---- Records for the task

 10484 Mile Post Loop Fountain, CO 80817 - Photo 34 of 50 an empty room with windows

--------
---- Records for the task

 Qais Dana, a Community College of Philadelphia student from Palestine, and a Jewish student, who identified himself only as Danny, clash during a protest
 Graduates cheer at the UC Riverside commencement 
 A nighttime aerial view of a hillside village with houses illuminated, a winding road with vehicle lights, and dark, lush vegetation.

--------

Set down, exactly as they stand above, the lines starting with the line with "Qais Dana, a" and going on through the line with "A nighttime aerial", and no others.

— Answer below —
 Qais Dana, a Community College of Philadelphia student from Palestine, and a Jewish student, who identified himself only as Danny, clash during a protest
 Graduates cheer at the UC Riverside commencement 
 A nighttime aerial view of a hillside village with houses illuminated, a winding road with vehicle lights, and dark, lush vegetation.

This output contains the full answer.